Keshi felt the wall of the tunnel and noticed not just the smoothness of it, but a silky substance on it. “Hannibal, I think you may want to look at this,” he called out in an insistent tone.

Hannibal stopped and walked over to Keshi, seeing his hand coated in a silky substance. The group gathered around and looked at Keshi’s hand. “What is that?” Jerry asked.

“It looks like spider silk,” Hannibal replied as he tested the material. “It’s not sticky so it’s not part of a trap web. It’s almost like the web some spiders use in their burrows.” He picked at the wall with his finger, peeling off a small portion of the silk and holding it to the light coming from Dan’s headlamp. “It’s also translucent. I can see right through it. But when I look at the wall casually, I don’t see a thing.
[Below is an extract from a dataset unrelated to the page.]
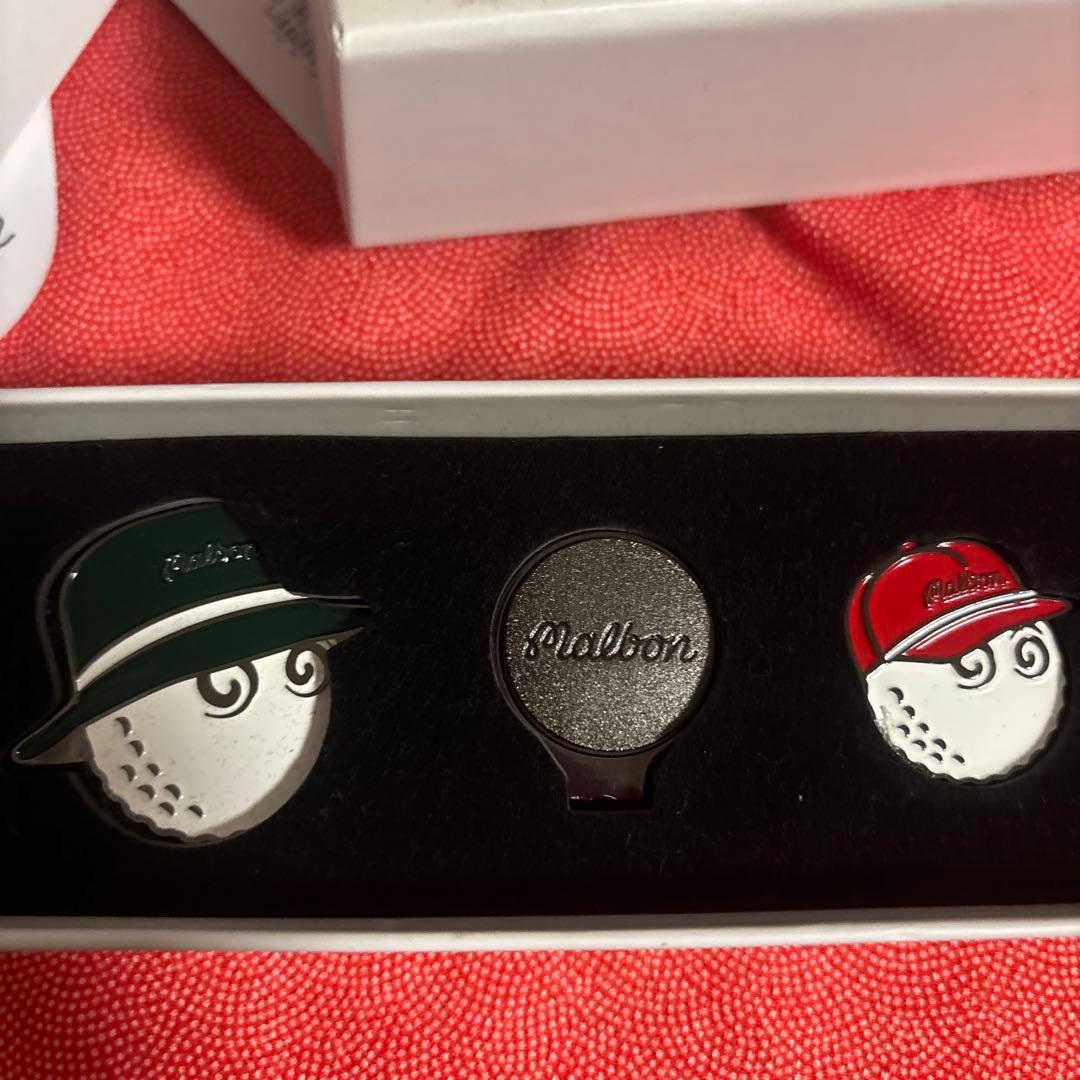 Malbon ゴルフマーカー3個セット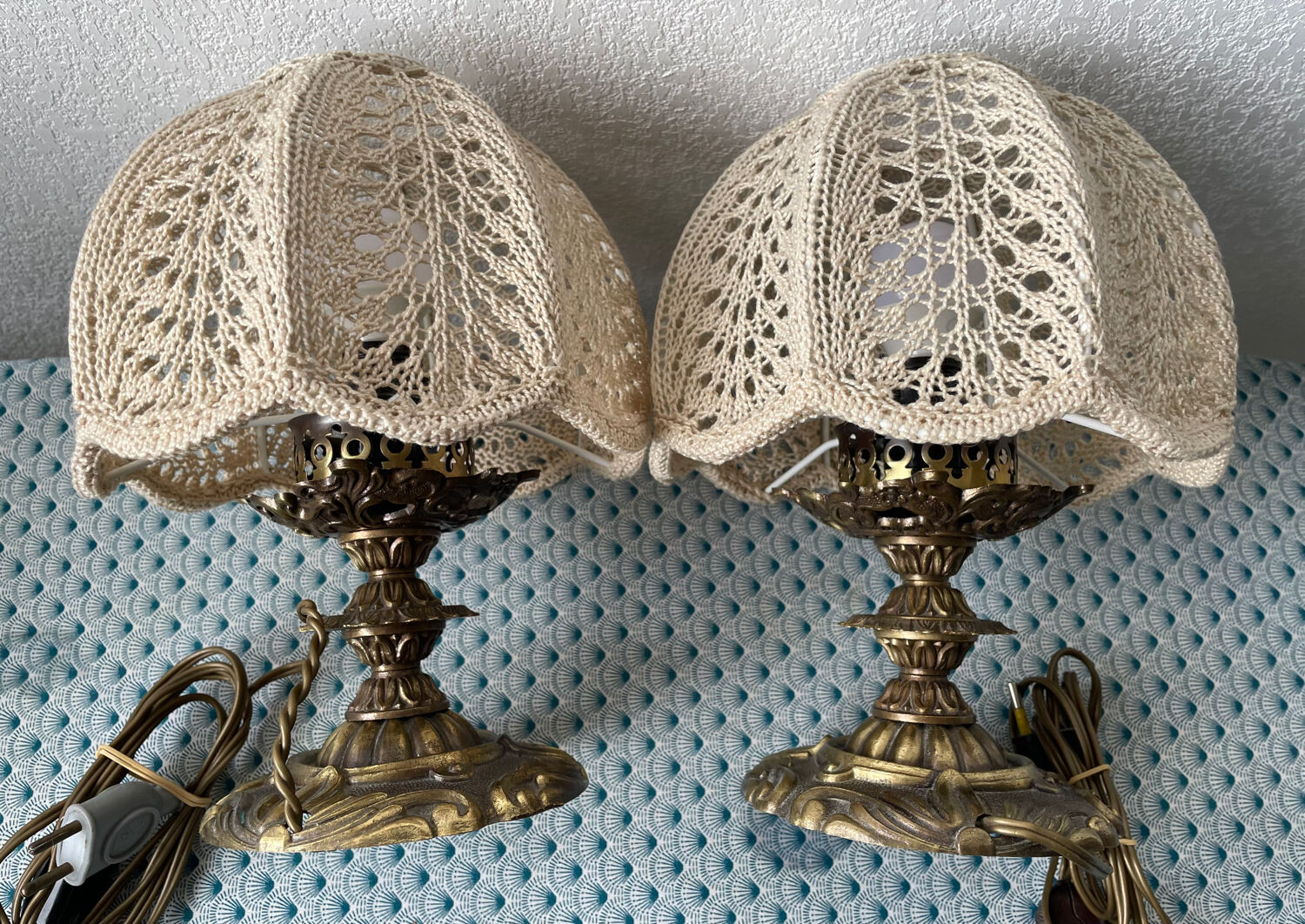 Pair of vintage Bohemian lamps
This is very strange.”

“Is it possible that we have a new species of spider down here?” Dan asked.

“Could be,” Hannibal stated, dropping the silk. “Or this could just be some residue of regular spiders who managed to get down here. In any case, stay together and don’t touch anything. Also, keep your eyes open and your voices down. If there is some unknown variety of spider in here, we don’t want to announce our presence to them as a food source. I’d rather not end up on the menu if I can help it.”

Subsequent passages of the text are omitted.